遠い昔、誰もが一度はシート一枚でおままごとをしたり、地面に書いた四角い枠を秘密基地に仕立てたりしたのではないかしら。限られた空館を仕切るというDNAは人間の記憶の何処かに紛れ込んでいるに違いない、と思う。だって、自分ん家以外の間取り、気になりませんか?
私は気になる、ものすごーく。例えば歴史の授業中。
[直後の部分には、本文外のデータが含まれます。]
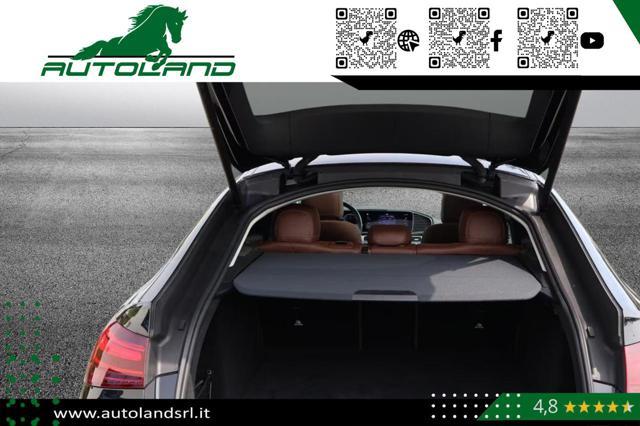 MERCEDES-BENZ GLE 300 d 4Matic Mild Hybrid Coupé AMG Line Premium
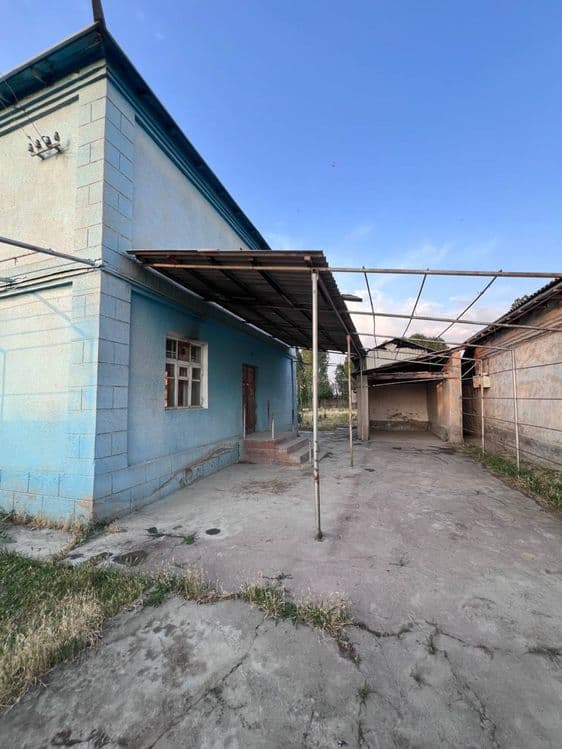 Продается СРОЧНО!!! Орта чирчик  Навруз Махалля — 2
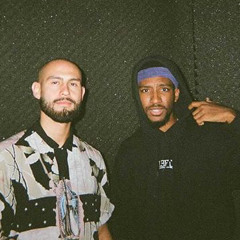 Wave ft. Lance Rodriguez (prod. Rose Hills) demo 2020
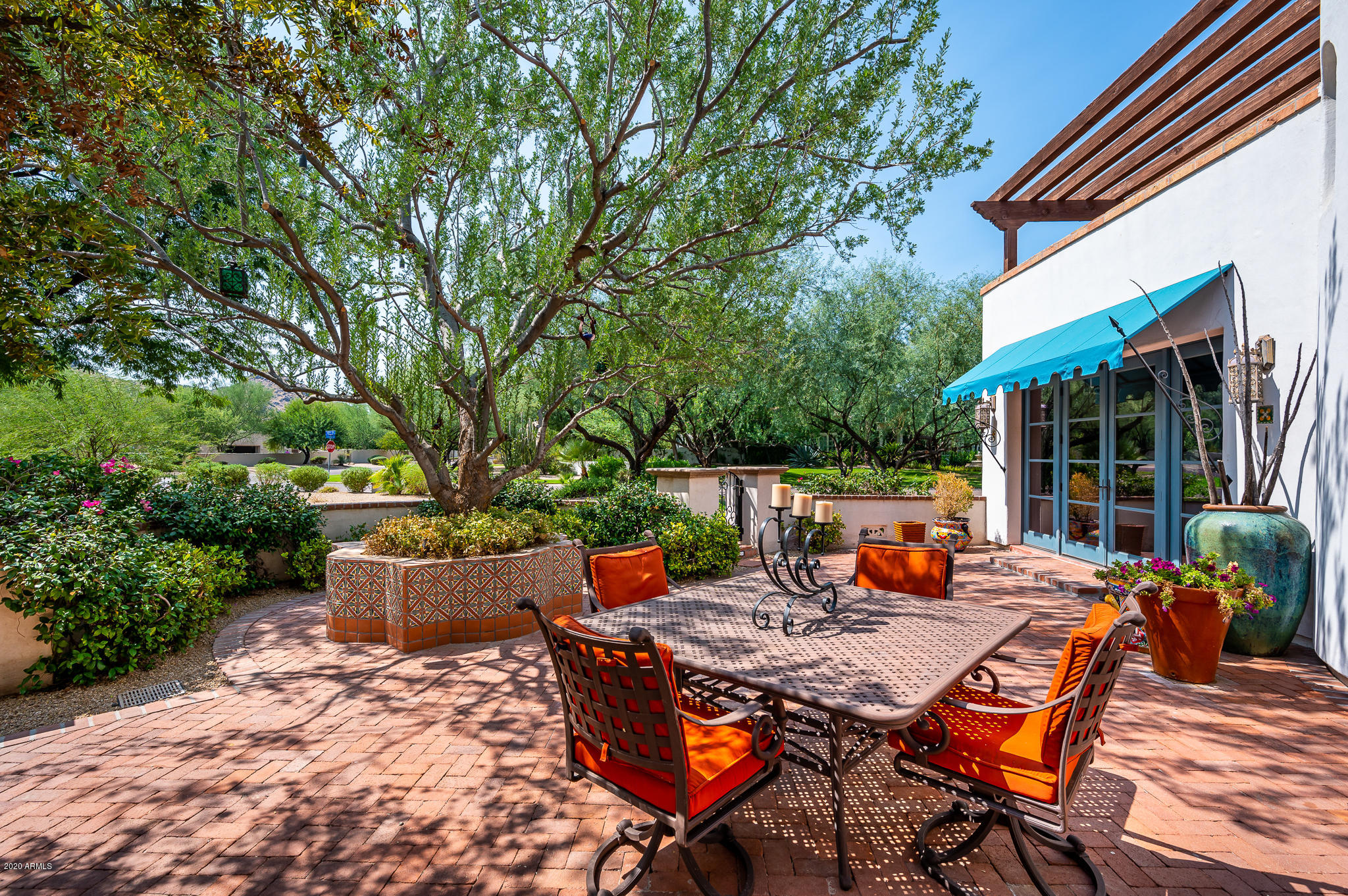 EQUESTRIAN TRAILS - Residential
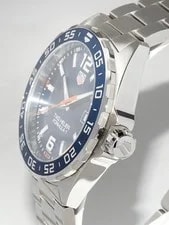 TAG Heuer Formula 1 WAZ1010 Quartz 4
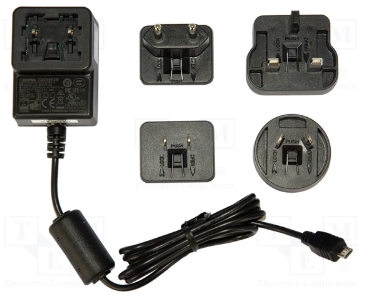 M27X CHARGER測(cè)試配件: 電源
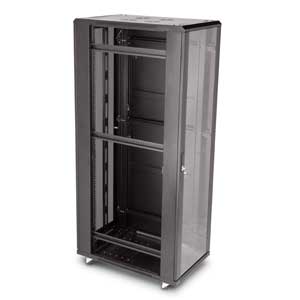 3100 Series 42U Server Rack Cabinet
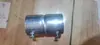 Conector de Manguito Galvanizado DN80 Miembro de Conducto SC Pieza sin Soldadura Conector de Empotramiento Directo para Tubo de Acero de 3 Pulgadas 89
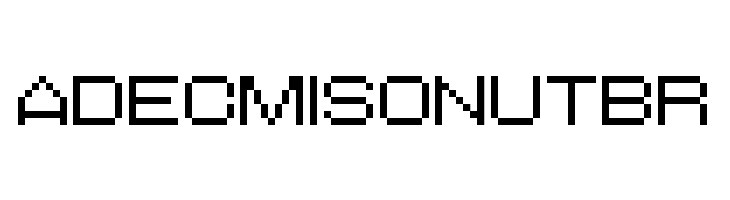 AddWBitmap09  Free Fonts Download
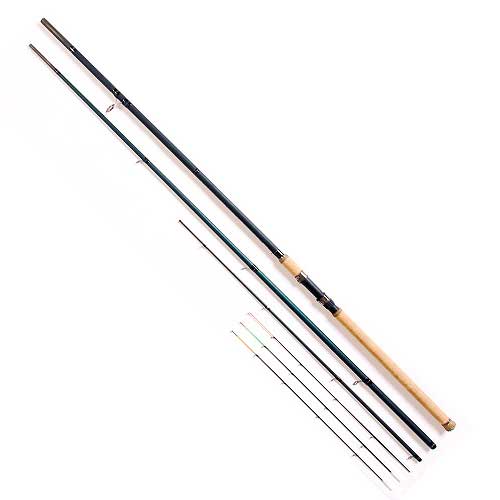 Удилище Diamond Feeder, 390см, 180г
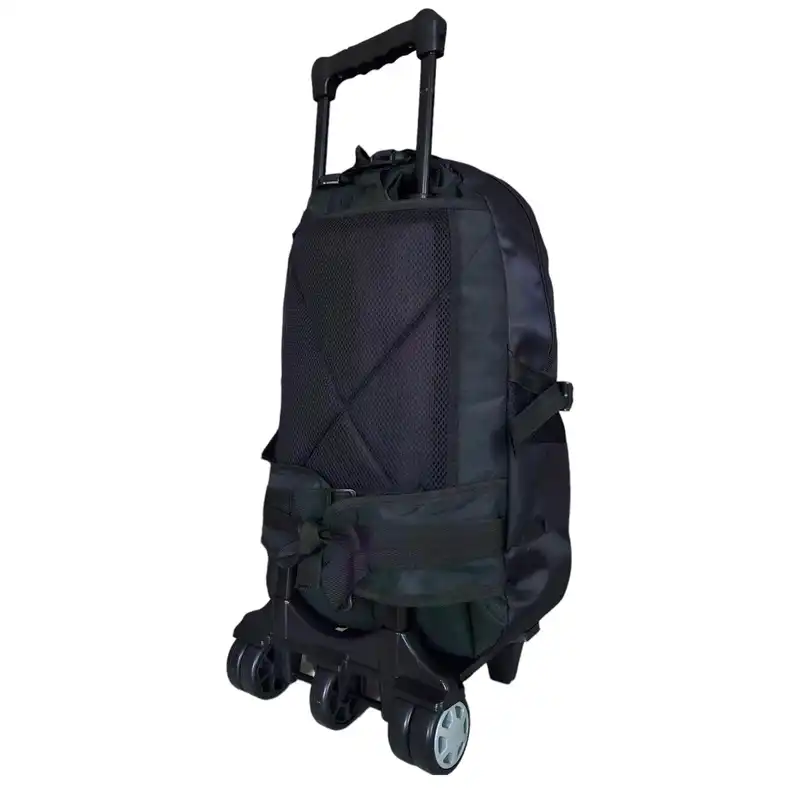 کوله پشتی سفری چرخدار کد 6500 CT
資料に描かれている「寝殿造り」とか、「パルテノン宮殿」とかの平面図を眺めながら、「寝殿造り」なのに、寝室が見あたらないとか、宮殿なのに柱ばかりで人は何処に暮らしているのかとか考えていたくらいですもん。
鉄道の時刻表を眺めるだけで旅行した気分になれる人がいるくらいだから、間取りを図を眺めているだけでその家に住んだ気分になれる人もいるはず。間取り図は空想への扉。
さて、この本には普通の間取りはありません。風変わりな間取り(それも実在している)ばかりをたっぷり収納。
本のカバーがまた凝っていて、外して広げると裏には…

何処をどうひねると、この限られた空間をこんな風に仕切れるのか不思議不思議。一つ一つの小さな間取りを眺めながら、一時その部屋の住人になってみるのもまた、楽しいですよ。

余談ですが、この本の初版が2003年。巻末の著者プロフィールに宅建資格取得に向けて勉強中、とありました。当時何の事かさっぱりわからなかったのだけれど、この5年後にまさか自分が挑戦するハメになるとは思いもよらなんだ。